The founders of Kara Technologies were all students of the University of Auckland. They participated in the Velocity entrepreneurship programme, winning the social entrepreneurship category of the $100k challenge, took part in the University’s six month VentureLab incubator programme and accessed many thousands of dollars of funding from UniServices as well as continued support and mentorship. The team are now alumni and continue to work on Kara full time. Arash says: "I was pretty shy to talk about this idea to change the way deaf people communicate. I thought I might be judged or called crazy. But at the University of Auckland there are people waiting for you to come and share your ideas. It's a place where you can grow very fast and be ready to change the planet."

LEARNINGS

Lessons learned

In leading development of opportunities for entrepreneurship within the University of Auckland, a key learning was the importance of including students in leadership and decision making processes in order for the entrepreneurial ecosystem to thrive. Student committees have made entrepreneurship more accessible and less intimidating. The student committee that organises the University’s Velocity student entrepreneurship programme recruit students to participate through using vernacular, examples and marketing tactics that appeal to their contemporaries.

UniServices runs an Investment Committee process called Return on Science to allocate capital from the University of Auckland Inventors Fund. In 2016 UniServices added members from the student community and their successful contribution led to the formation of the nationwide Momentum Investment Committees that allocates capital to student start-ups. What has been surprising has been the development of a wave of not just student entrepreneurs but also now a student network of mentors, capital allocators and directors. To date the committees have seen over 70 student projects and by the end of 2020 will be based in all main centres in New Zealand. Students, particularly those choosing their PhDs are looking for more than just academic training. Another surprise is how this attitude has become contagious.

The student community (post undergraduate and postgraduate) engagement with these programmes has shifted academic’s views of the opportunities beyond teaching and publishing as ways of creating impact from their research.

FUTURE PLANS

What's coming?

The new overarching strategy for Innovation and Entrepreneurship at the University of Auckland is being finalised and will form the foundation from which to achieve audacious goals for growing the capability and potential of aspiring entrepreneurs.

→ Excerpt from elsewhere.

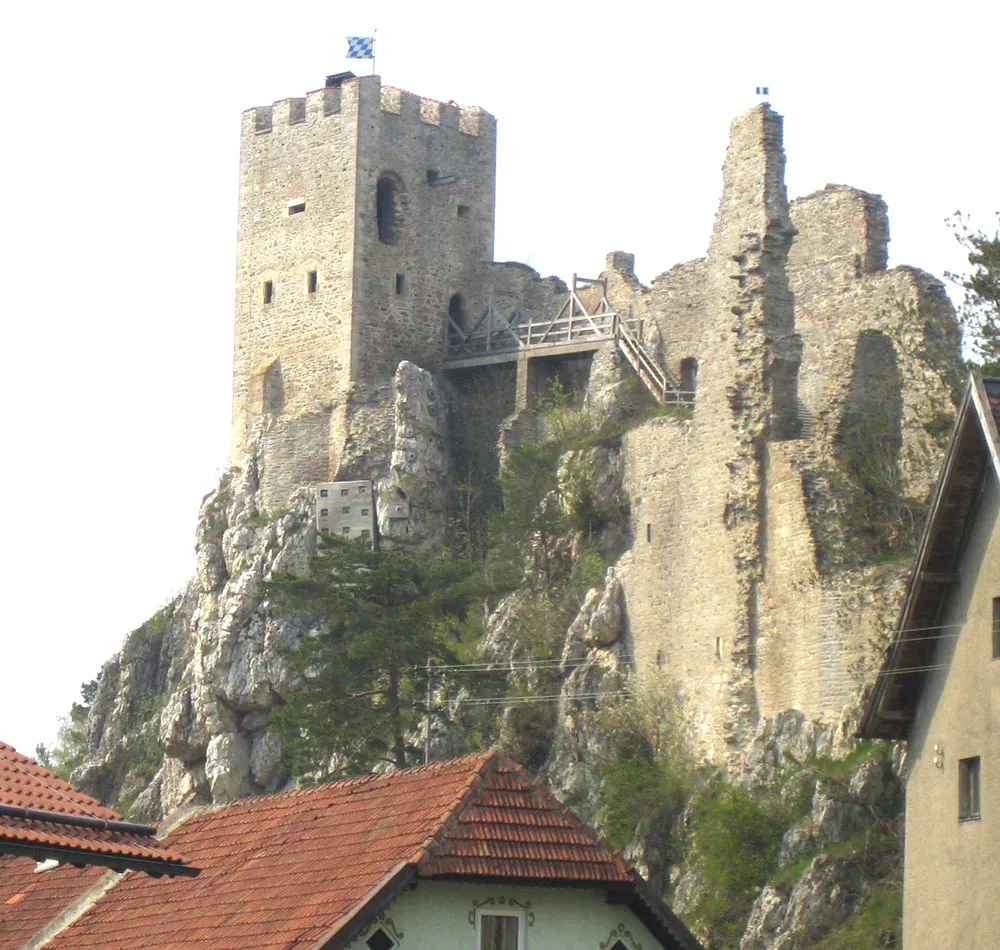 Photo showing: Burgruine Weißenstein bei Regen, Südseite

In the immediate future, the University will continue to pursue its ambition to have 10% of students involved in the CIE. It’s also broadening its scope to include work within curricular as well as extra-curricular programmes. The Centre recently launched the Hynds Entrepreneurial Fellows Programme to embed innovation and entrepreneurship within curricula across the University. This programme will begin in earnest in 2020. UniServices commercialisation strategic ambitions for 2019 – 2023 includes a 2.5 x return on investment, a 15-18% internal rate of return, creating 20 start-ups per annum and 1-2 exits per annum, doubling the size of investment committee Return on Science and increasing the size of the inventors fund to $50m.

Beyond commercial goals, the evolution of the University’s entrepreneurship strategy will also be impacted by the changing interests and motivations of the current generation who are increasingly aware and responsive to the environmental and social perils that the world faces. We have seen an increasing interest from students in creating social ventures. The University of Auckland has demonstrated subject knowledge and capability in this area (it was recently ranked as number one in the THE University Impact Rankings). As such, it is our responsibility and privilege to help empower our students to tackle the Sustainability Development Goals through the lens of entrepreneurship.